Pasaron las horas y yo ya había dado por perdido hacer los deberes, estaba viendo la televisión, pero en cuestión de segundos se fue la luz. Todo paso muy rápido, apenas se había ido, la luz ya estaba de vuelta, pero cuando volvio había una pequeña llave en la mesa frente la tele; en cuanto la vi supe que pertenecía a la misteriosa caja que había en mi cuarto. La coji y subi corriendo a la habitación pasando los escalones de dos en dos. Cuando llegué y fuí a por la caja ya no estaba donde la había dejado, ahora estaba encima de la mesita en la que tenía un espejo de pared, juraría haber dejado la caja en el escritorio, pero tal vez me había equivocado.

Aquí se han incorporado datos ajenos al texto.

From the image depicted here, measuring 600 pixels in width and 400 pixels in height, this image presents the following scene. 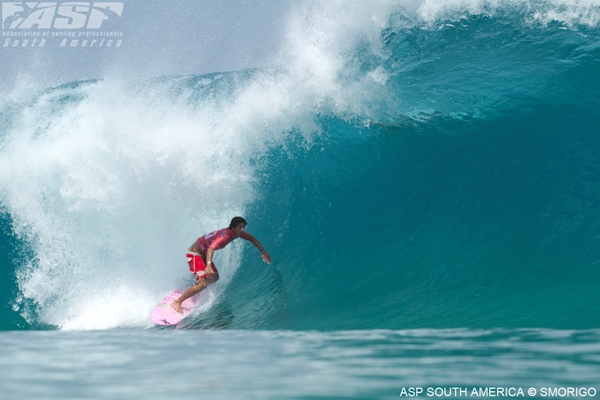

Lo que paso a continuación no me sorprendió mas que horrorizó. Abri la caja impaciente, y en su interior encontré un pequeño colgante; era de plata de una fina cadena pendía un circulo con una seríe de dibujos y formas que no sabría definir. Era realmente bonito, ¿Pero que haría aquello allí?
Estube a punto de ponérmelo, pero recapacité a tiempo y lo dejé donde estaba, volviendo a cerrar la caja con llave. No sabía de donde había salido aquel collar, todo esto era muy raro. No pensaba hacer nada hasta que David no me diese explicaciones, seguro que tenía algo que ver con él, seguro.
Aquella noche me costó conciliar el sueño y cuando lo hice no paré de revolverme entre la húmedas savanas.
Estaba sola, hacía frío. A lo lejos escuchaba aquella voz de mujer ya familiar, no podía estar lejos. Seguí caminando por la nada; todo lo que me rodeaba era una gran y vacia cantidad de nada. Pero igual que la veía blanca había partes en que era negra. Era un sitió horrible pues a pesar de estar vacio me causaba confusion y miedo. No queria estar sola.
Llevaba un buen rato caminando hacia la voz de la mujer; cada vez sonaba mas cerca pero no llegaba a verla nunca.
Paré y giré en redondo observando lo que me rodeaba. Del techo,- o tal vez era el suelo; no podía distinguirlos-cayó un cuerpo, como si de un plomo muerto se tratase. Me acerqué con cuidado, pero cuando reconocí el cuerpo me arrodillé a su lado y le busqué el pulso.
Era David. Un David ensangrentado, pero era él. Parecía tan real. El cuerpo volvió a caer, como si el suelo se abriese a sus pies, y se precipitó a una oscuridad mucho mas por debajo de mi. Seras la siguiente en caer si no me haces caso Gema. Me dijó la voz como aviso. Eché a correr, cada vez mas rápido, hasta que las piernas me fallaron. Era demasiado tarde; ya estaba cayendo...
Cuando me desperté fue por culpa de mi madre que me llamaba desde la cocina.
Tube el tiempo justo para vestirme cojer la mochila y comer un par de galletas; aun así cuando llegue al instituto ya iba tarde.